2. Search For Destron Gas
3. The Earth Field
4. Pacify A Storm
5. A Skirmish
6. Four Emperors
7. Grand Battle
8. Polluted Town
9. Planet Darkness
10. A One-Eyed Old Doctor
11. Ephemeral Requiem

==Reception==
Dragon Ball Z Side Story: Plan to Eradicate the Saiyans sold 300,000 units in Japan. Japanese gaming magazine Famitsu gave the game a score of 22 out of 40.

==Original video animation==
The video game was adapted into an original video animation (OVA) series of the same name directed by Shigeyasu Yamauchi and released on VHS in two parts as strategy guides. The first volume was released on July 23, 1993, and the second was released on August 25, 1993. A soundtrack featuring music from the animation was released on CD on October 21, 1993. The OVA was later included in the second volume of the Dragon Ball Z Dragon Box DVD box set, which was released in 2003.

===Cast===
- Masako Nozawa as Goku, Gohan and Turles
- Ryō Horikawa as Vegeta
- Toshio Furukawa as Piccolo
- Takeshi Kusao as Trunks
- Hiromi Tsuru as Bulma
- Naoko Watanabe as Chi-Chi
- Toku Nishio as Mr. Popo
- Tomiko Suzuki as Dende
- Ryūsei Nakao as Frieza and Cooler
- Hisao Egawa as Monster / Goddo Gadon
- Yusaku Yara as Slug
- Shinji Ogawa as Dr. Raichi
- Jōji Yanami as Kaio-sama / Narration
- Hideo Ishikawa as Hatchihyack

==Dragon Ball Z: True Plan to Eradicate the Saiyans==
In 1994, footage from the OVA was reused in a separate Bandai video game for the Playdia console, Dragon Ball Z: True Plan to Eradicate the Saiyans (ドラゴンボールZ 真サイヤ人絶滅計画). The game was released in two parts, an Earth Arc on September 23, 1994, and a Space Arc on December 16, 1994, and had some previously unseen scenes.

==Dragon Ball: Plan to Eradicate the Super Saiyans==

Screenshots of the original 1993 OVA (top) and the 2010 remake (bottom).

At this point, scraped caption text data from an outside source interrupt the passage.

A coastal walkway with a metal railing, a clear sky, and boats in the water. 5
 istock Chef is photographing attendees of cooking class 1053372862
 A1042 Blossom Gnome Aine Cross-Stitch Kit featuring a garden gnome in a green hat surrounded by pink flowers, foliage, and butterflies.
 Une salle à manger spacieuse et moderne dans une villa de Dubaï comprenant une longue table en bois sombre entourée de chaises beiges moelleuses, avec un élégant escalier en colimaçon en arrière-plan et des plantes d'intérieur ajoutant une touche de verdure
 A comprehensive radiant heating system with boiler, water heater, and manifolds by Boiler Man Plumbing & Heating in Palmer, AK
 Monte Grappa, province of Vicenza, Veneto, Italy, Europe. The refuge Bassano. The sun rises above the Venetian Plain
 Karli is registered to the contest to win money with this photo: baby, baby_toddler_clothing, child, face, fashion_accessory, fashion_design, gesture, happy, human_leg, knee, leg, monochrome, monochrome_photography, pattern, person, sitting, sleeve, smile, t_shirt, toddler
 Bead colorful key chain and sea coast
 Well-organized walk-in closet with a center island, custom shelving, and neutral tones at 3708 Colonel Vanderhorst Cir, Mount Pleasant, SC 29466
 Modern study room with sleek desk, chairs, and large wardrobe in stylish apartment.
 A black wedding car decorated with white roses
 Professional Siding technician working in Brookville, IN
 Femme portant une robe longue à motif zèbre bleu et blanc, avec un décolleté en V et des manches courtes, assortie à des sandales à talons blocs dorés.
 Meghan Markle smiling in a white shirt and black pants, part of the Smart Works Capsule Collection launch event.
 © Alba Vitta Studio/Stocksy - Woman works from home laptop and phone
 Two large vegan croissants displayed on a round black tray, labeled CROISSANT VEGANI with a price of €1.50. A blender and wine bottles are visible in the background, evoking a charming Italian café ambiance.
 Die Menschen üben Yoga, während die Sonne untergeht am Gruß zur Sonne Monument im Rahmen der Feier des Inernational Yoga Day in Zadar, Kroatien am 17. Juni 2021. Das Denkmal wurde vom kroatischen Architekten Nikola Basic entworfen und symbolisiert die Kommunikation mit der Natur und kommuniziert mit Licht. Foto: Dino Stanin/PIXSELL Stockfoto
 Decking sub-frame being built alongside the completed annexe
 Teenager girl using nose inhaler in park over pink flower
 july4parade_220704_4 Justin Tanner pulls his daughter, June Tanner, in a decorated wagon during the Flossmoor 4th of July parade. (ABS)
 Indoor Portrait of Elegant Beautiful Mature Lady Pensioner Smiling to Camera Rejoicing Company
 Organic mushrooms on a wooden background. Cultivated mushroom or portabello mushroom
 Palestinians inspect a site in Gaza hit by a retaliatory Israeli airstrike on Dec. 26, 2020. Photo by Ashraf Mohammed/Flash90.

In addition to new animation, the plot was also altered, as seen with Goku no longer being transformed in this scene.

Dragon Ball: Plan to Eradicate the Super Saiyans (Note: Dragon Ball: Plan to Eradicate the Super Saiyans (ドラゴンボール サイヤ人絶滅計画, Doragon Bōru: Sūpā Saiya-jin Zetsumetsu Keikaku)) is a 2010 OVA and remake of 1993's Dragon Ball Z Side Story: Plan to Eradicate the Saiyans. The OVA was included in the Namco Bandai Games video game Dragon Ball: Raging Blast 2, which was released on November 2, 2010. It later received a coupled DVD release with Dragon Ball: Episode of Bardock in the March issue of the monthly magazine Saikyō Jump, which was released on February 3, 2012.

Most of the voice cast from the original 1993 OVA returned for the remake, with the exception of Shinji Ogawa, who was replaced by Hiroshi Iwasaki as the voice of Dr. Lychee. The 2010 remake also does not feature the characters Mr. Popo, the Monsters, or Goddo Gadon.